Diane Boerner was hit with the one-year license suspension by PennDOT for refusing blood-alcohol testing. In her appeal, Boerner claimed she never actually refused to give a blood sample. The police officer who pulled her over read her the implied consent warning stating that a refusal to submit to the test would trigger and automatic license suspension. That wasn't enough for Boerner, though. She insisted that she wanted to read the warning for herself. She didn't have her glasses, however, because they were in her car, which had been towed away. Boerner never gave the officer a "yes" or "no" answer, and didn't sign the consent form, so the officer logged her as having refused the testing. The state judges didn't buy Boerner's explanation. In an opinion by Judge Patricia A. McCullough, they concluded the officer's finding that Boerner had refused the testing was right on.
Bill SB 881 comes in response to some courts taking too long to respond to amnesty applications. Gov. Jerry Brown has characterized the traffic court system as a “hellhole of desperation” for the poor. In California and other states, the courts use license suspensions as a way to pressure drivers to pay for tickets and related court fees, which can snowball into hundreds of dollars for minor infractions such as driving with a broken taillight or alone in a carpool lane. This recent article from an NPR affiliate details issues related to the proposed changes.

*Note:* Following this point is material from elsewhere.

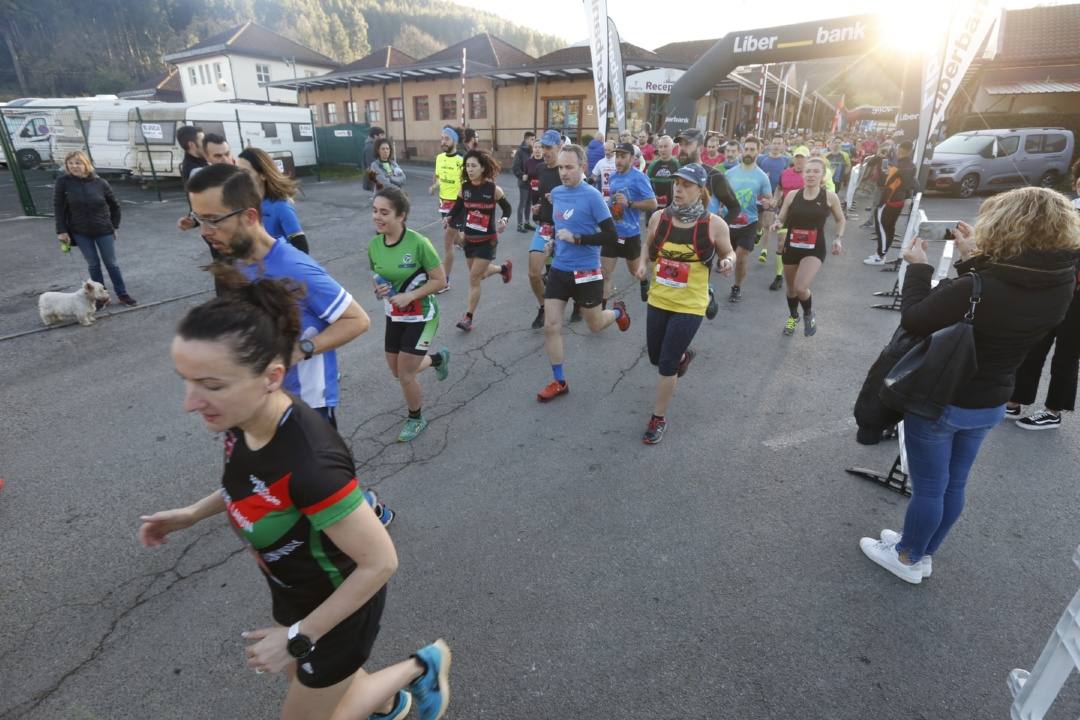 El IV Trail Gijón comienza con la prueba corta en el Camping Municipal de Deva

In a recent article from MIT's Technology Review, the author noted that while self-driving cars could provide “safer, more accessible driving” with “the potential to save tens of thousands of lives each year.”, for now, self-driving cars are only partially autonomous. That is, if the vehicle is unable to make a confident decision, it alerts the driver to take control of the wheel. If the driver is distracted and the autonomous system does not work properly, or if the human places too much confidence in the abilities of the driver aid and ignores the warnings and the road, things can go wrong. Brandon Schoettle, from the Transportation Research Institute University of Michigan warns that the current systems in place to alert drivers to take over the wheel may not be satisfactory. “It is critical that the hand-off between vehicle and driver be done properly and safely or the potential safety gains of such systems may be canceled out by the increased risk during this transition,” he says. “It is difficult to regain situational awareness when engaged in other activities in a vehicle, so if drivers are not given ample time to respond, or the system simply fails, then the fatality rate may not improve or may even worsen until these systems are perfected.”
Issue Brief: Child Endangerment Statutes
Upcoming Courses at the National Judicial College
The following courses are offered by the NJC in Reno, Nevada in the coming months. A limited number of scholarships are available through generous funding from the National Highway Traffic Safety Administration. Please contact Rebecca Bluemer at Bluemer@judges.org or or 775-327-8269 for more information.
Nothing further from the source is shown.